NEW YORK — By Wednesday afternoon, Flushing was one big dog trap. Whole roasted chickens had been left out as bait. A greyhound named Hubbard sauntered around Kissena Park, offering companionship. An 83-year-old man strolled with his belt in his hands, ready to lasso if necessary.
Few mysteries have captivated New Yorkers like the case of the champion whippet who, after winning a prize at the Westminster Kennel Club Dog Show, got loose at John F. Kennedy airport five weeks ago and raced into the city.
The search for Vivi -- full name, Champion Bohem C'est La Vie -- has drawn in the Port Authority police force, scores of ardent dog lovers, multiple psychics and an Oklahoma pet detective who, when called about Vivi, turned down a job searching for B.B. King's dog.
Now Vivi has begun to make appearances in Flushing, each one more tantalizing than the next.

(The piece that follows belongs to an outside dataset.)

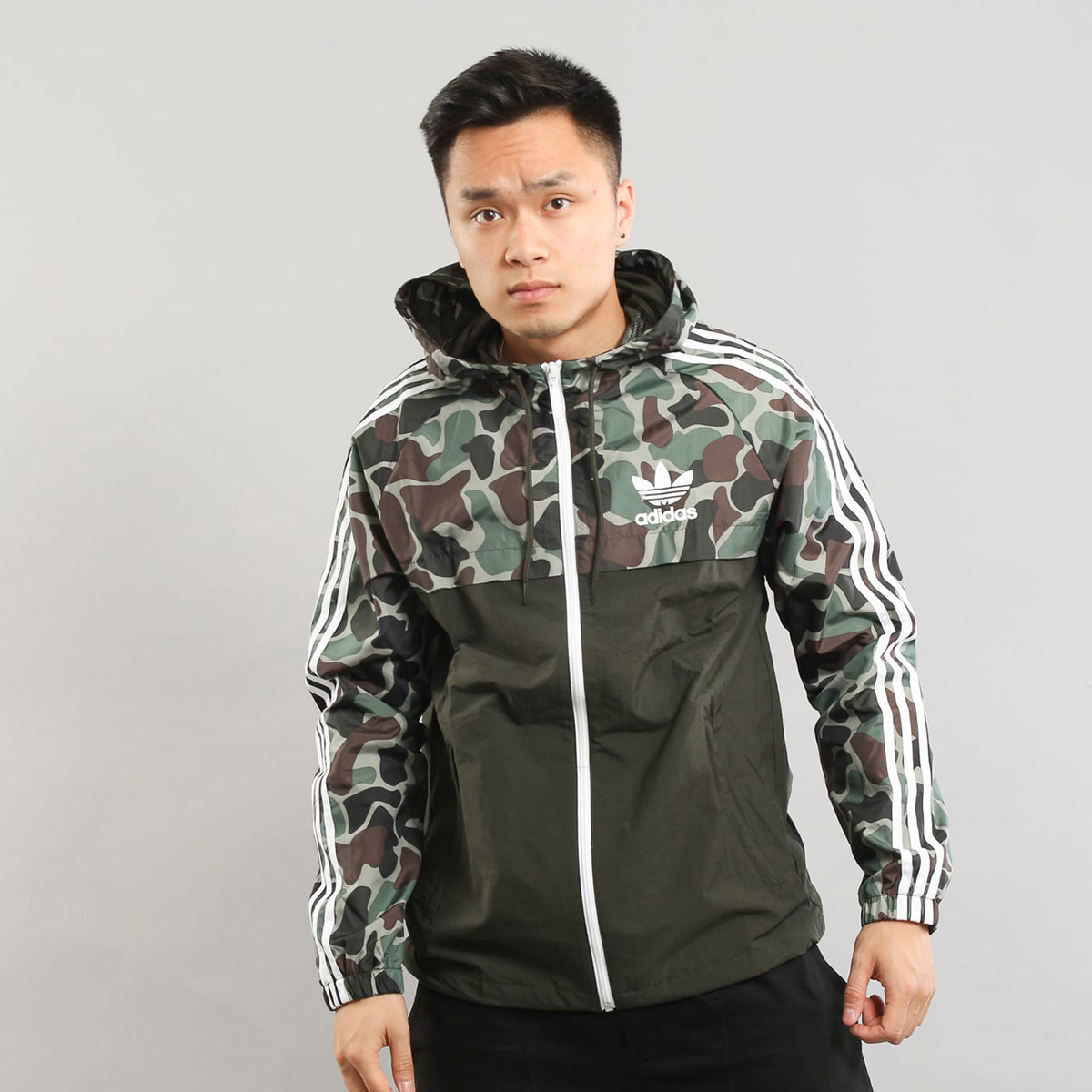 windbreaker adidas camo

At 3:45 a.m. Wednesday, a man was walking his Doberman pinscher outside Flushing Cemetery when a whippet came to the cemetery fence and briefly touched noses with the Doberman before vanishing into the dark.
Searchers raced back and forth around Flushing all day. The dog's co-owner, Jil Walton, had flown in from California and was walking the woods, trying to spread her scent. The suspense became unbearable.
"It's like alcoholism," said Bobbi Giordano, an animal rescue worker from Queens. "You just have to find out where, when, why. It's an obsession now. I don't think it has to do with the breed, or that it's a famous dog or anything. I don't even think it's the money anymore. I think it's just the love."
Walton, who runs an equestrian center in Walnut, Calif., had dressed Vivi in a black wool coat for the trip back home from the dog show, where the dog had won a certificate of merit in the whippet category. The dog slipped out of her carrier before it was loaded onto the plane.
Vivi hurtled away down the runway for three miles, pursued by workers in Port Authority vehicles who clocked her speed at 25 mph. She reached the end of the runway and ducked through a fence into a marshy area as a Port Authority police officer watched helplessly from a distance of four feet.
The dog has been sighted more than a dozen times since she bolted from her crate, said Bonnie Folz, who has been coordinating the volunteer search. Vivi initially roamed long distances every day, but has begun to "tighten her boundaries," said Karin Goin, a pet detective from Oklahoma who traced Vivi's movements with tracking dogs.